:: To do ::
Your copy should begin with the line containing "Remora remora", end with the line containing "火影忍者疾风传究极忍者风暴4代充", match the listing below exactly, and contain no pictures.

:: Stored data ::

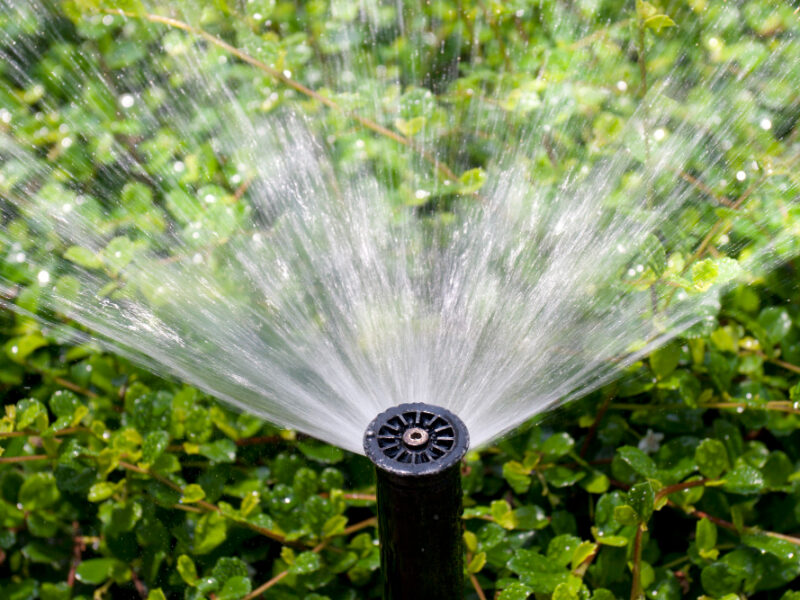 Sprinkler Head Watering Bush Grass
==
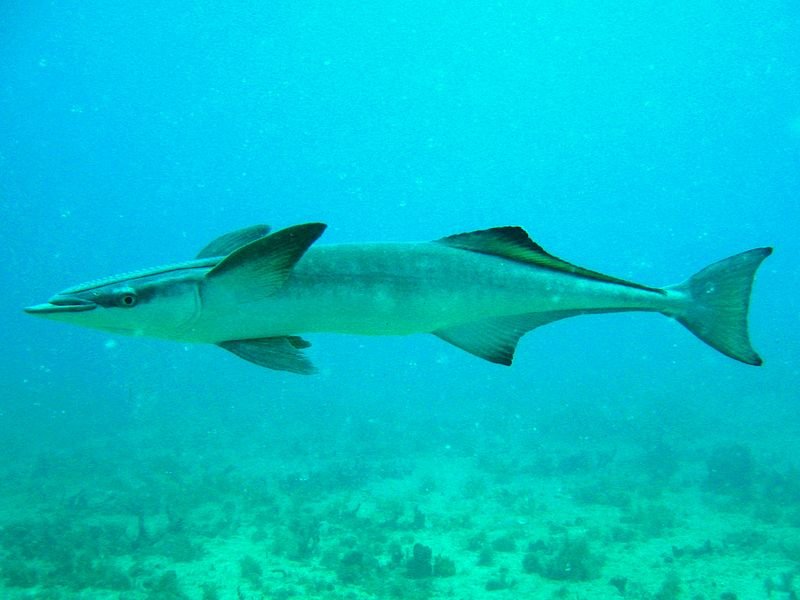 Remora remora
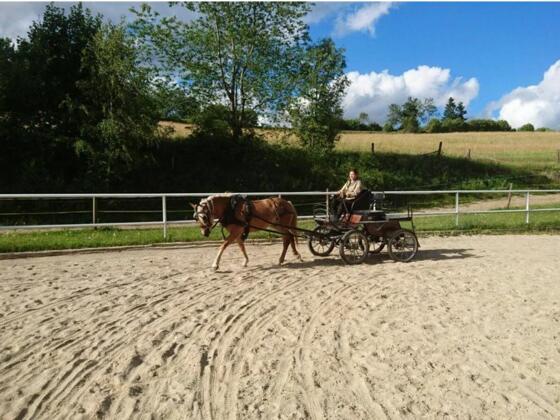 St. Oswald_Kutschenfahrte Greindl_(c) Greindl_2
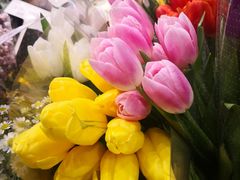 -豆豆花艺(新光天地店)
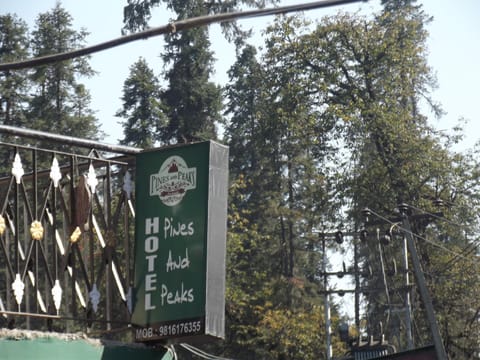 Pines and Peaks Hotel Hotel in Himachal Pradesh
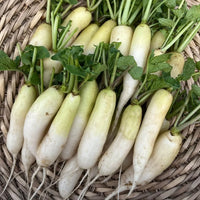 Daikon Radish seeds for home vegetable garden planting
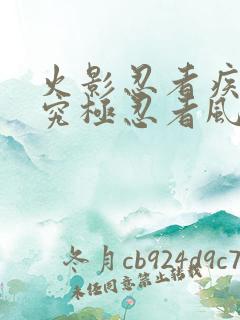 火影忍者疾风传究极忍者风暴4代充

:: Result of this task ::
 Remora remora
 St. Oswald_Kutschenfahrte Greindl_(c) Greindl_2
 -豆豆花艺(新光天地店)
 Pines and Peaks Hotel Hotel in Himachal Pradesh
 Daikon Radish seeds for home vegetable garden planting
 火影忍者疾风传究极忍者风暴4代充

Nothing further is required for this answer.